■ **EXERCISE DESCRIPTION**
Keep every line of the data below that has the string "Tree" and present those lines.

■ **DATA FOR PROCESSING**
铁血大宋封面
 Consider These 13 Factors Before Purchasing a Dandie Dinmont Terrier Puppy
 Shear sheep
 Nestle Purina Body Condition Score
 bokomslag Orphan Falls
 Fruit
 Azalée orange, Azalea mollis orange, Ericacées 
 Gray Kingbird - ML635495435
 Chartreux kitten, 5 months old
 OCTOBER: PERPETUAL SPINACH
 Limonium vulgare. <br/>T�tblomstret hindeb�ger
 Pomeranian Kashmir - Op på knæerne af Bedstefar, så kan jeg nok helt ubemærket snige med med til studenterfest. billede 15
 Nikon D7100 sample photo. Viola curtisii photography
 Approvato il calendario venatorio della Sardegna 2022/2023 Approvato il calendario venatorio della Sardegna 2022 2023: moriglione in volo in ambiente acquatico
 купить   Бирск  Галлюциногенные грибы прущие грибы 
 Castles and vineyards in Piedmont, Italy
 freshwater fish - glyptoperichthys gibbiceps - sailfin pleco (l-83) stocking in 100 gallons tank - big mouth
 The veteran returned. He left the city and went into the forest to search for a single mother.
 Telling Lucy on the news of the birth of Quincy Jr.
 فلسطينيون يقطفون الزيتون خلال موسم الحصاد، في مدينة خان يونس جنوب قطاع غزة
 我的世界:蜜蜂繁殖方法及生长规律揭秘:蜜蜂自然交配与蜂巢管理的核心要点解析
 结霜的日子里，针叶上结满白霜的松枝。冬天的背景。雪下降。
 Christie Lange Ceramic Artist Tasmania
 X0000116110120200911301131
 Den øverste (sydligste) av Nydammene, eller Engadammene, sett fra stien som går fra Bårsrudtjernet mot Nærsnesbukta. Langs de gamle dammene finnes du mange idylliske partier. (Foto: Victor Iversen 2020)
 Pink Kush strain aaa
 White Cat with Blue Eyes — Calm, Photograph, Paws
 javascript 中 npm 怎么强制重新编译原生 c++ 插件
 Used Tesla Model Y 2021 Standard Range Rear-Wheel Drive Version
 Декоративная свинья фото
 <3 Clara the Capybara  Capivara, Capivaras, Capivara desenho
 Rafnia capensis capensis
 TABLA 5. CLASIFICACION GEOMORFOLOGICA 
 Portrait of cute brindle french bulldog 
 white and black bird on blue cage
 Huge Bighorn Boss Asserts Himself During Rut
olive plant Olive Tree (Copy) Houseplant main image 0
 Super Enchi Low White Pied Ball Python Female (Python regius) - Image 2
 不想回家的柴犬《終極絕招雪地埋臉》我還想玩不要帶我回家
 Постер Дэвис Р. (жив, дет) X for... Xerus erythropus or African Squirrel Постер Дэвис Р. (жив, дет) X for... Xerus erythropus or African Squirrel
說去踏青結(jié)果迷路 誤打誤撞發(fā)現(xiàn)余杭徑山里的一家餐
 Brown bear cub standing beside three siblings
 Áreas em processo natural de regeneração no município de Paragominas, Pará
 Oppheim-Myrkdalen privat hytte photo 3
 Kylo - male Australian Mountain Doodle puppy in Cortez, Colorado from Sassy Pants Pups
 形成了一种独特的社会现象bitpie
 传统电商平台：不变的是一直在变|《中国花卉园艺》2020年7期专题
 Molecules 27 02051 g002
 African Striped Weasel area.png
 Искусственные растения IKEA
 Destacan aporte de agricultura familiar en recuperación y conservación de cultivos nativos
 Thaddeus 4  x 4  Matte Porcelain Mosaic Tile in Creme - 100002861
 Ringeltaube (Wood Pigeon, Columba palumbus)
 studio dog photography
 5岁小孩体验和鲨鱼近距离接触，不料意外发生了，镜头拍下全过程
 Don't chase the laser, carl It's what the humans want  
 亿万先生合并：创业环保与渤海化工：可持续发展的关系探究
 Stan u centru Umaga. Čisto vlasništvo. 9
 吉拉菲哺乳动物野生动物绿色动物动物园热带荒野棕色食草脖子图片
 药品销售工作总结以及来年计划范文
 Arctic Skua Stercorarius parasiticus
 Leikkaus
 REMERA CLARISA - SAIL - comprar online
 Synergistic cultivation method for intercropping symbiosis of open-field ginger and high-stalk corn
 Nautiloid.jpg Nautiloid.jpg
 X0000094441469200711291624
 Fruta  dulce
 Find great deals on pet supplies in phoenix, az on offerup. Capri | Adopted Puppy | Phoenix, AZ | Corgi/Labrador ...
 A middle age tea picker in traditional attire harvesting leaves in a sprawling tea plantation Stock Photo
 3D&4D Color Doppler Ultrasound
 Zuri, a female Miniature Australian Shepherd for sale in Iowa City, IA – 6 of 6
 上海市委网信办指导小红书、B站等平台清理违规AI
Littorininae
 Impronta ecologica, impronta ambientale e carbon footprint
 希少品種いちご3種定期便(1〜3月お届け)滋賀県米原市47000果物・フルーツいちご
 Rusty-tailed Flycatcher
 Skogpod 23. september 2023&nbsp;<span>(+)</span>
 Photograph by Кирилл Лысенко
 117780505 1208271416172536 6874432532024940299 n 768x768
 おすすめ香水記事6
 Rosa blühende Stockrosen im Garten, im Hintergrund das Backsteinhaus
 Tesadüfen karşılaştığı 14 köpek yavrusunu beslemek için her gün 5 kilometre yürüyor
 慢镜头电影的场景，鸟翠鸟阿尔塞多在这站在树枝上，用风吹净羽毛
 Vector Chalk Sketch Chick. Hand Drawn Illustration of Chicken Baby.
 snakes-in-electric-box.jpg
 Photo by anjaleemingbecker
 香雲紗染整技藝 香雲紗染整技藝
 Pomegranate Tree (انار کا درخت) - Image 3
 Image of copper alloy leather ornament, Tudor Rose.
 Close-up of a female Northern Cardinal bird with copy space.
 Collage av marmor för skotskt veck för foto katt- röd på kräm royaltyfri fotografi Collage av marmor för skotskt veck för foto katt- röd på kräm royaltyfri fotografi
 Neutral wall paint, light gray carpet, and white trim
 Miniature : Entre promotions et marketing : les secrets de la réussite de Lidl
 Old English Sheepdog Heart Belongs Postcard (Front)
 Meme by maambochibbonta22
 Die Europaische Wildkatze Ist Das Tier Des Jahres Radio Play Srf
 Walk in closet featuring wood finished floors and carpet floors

■ **RESPONSE TO THIS TASK**
olive plant Olive Tree (Copy) Houseplant main image 0
 Pomegranate Tree (انار کا درخت) - Image 3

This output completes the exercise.